Chapter 4 Env Data Analysis 2017-01-17

4.1 About the Class

This class is about environmental data and what we want to do specifically about these kinds of data. We’ll consider, water, air, climate, and soils but we can also think about ecology and other similar domains. People are typically interested in the following types of problems:

  • Summaries: reducing data to measures or tendencies that capture essential features
  • Comparing two or more samples: if you’re an environmental regulartor, does some data that has been collected show that someone in compliance or with some given standard? What is the associated uncertainty?
  • Trends: has the water quality in a body of water gotten better or worse over time? What about the standard deviation or the 99th percentile of water quality?
  • Time series properties: what is the structure of time sequences that improves our ability to predict at the next structure?
  • Geostatistics: When you want to start mining, the cost of building a mine is several billions of mines. How can we interpret measurements with spatial clustering and correlation?
  • Extremes: using extreme value theory to understand the statistical properties of tsunamis, massive releases of pollution from a mine, floods, or droughts
  • Missing data: accounting for missing data, imputation, data that is not missing at random

We model the underlying process, not the data. But, we seek to understand the process by looking at the data.

4.2 Some Review Material

In this class we will go beyond proving statistical theorems to get practice applying useful statistical tools to answer interesting environmental questions.

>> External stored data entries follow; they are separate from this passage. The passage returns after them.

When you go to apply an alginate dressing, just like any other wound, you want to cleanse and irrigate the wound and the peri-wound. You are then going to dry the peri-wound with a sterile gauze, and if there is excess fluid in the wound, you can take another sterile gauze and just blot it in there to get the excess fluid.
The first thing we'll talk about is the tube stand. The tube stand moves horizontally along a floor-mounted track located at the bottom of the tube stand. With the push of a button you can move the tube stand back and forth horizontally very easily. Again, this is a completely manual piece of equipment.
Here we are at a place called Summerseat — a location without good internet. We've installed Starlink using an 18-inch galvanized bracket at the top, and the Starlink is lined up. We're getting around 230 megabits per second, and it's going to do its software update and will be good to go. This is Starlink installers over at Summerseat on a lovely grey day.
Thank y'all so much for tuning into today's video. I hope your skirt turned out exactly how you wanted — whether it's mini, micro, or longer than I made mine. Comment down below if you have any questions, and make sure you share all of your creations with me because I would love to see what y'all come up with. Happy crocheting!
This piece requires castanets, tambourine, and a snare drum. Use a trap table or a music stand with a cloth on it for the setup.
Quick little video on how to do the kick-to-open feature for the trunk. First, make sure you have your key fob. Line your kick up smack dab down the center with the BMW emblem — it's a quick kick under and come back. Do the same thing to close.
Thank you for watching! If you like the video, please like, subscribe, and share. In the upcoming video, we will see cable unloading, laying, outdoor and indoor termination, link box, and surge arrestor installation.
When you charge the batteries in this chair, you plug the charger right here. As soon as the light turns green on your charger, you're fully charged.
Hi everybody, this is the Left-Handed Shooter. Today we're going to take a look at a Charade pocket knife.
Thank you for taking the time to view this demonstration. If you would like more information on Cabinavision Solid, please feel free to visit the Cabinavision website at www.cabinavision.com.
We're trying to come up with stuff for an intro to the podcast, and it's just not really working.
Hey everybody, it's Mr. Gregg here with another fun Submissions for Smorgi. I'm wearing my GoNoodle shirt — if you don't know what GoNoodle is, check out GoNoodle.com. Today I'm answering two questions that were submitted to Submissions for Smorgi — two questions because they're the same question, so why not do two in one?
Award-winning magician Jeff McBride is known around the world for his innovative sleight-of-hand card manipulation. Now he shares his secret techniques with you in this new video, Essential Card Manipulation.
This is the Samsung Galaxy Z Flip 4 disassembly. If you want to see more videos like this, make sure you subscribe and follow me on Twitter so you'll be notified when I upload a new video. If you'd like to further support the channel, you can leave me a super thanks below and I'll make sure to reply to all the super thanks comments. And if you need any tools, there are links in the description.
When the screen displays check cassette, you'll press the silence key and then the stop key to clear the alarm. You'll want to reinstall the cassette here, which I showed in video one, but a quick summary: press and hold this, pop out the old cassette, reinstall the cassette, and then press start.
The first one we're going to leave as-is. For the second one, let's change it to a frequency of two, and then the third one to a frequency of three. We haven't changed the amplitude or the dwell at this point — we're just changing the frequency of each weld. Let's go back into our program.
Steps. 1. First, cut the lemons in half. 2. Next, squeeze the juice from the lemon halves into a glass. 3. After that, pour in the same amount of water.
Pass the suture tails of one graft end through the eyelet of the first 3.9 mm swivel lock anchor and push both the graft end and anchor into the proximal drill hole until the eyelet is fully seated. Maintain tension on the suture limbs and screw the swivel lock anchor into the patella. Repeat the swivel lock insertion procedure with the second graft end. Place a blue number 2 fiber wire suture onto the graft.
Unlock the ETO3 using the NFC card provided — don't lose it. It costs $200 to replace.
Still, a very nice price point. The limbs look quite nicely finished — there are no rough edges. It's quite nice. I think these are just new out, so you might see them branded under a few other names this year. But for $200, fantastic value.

4.2.1 What’s the Right Distribution?

  • Boxplots of streamflow and rainfall seasonality
  • Histograms: flows and transformations of flow.
  • Probability: frequentist definition: relative frequency of probability. Can be easily estimated from a histogram or directly from data.
  • Bias-variance tradeoff: for bin width more bins gives us better information but is noisier, or for line fitting.

How can we express frequencies? PDF vs CDF.

A random variable \(X\) is a variable whose outcomes are governed by the laws of chance.

4.2.2 Moments of Random Values

Population versus sample: - mean - exectation - variance (population sample is \(N-1\)!) - skewness

Other measures of central tendency - median as an alternative to mean - IQR as an alternative to \(\sigma\) or variance - However, if there are true large values in the sample that matter, we tend to ignore them which can also be non-ideal

4.2.3 Types of PDF

  • Uniform
  • Binomial
  • Poisson
  • Geometric

4.2.4 Fitting Parameters for Distributions

  • Moments
  • Maximum Likelihood

To cover: sufficient statistics and how these estimates are similar or different. Homework: go through the rest of the slides from class.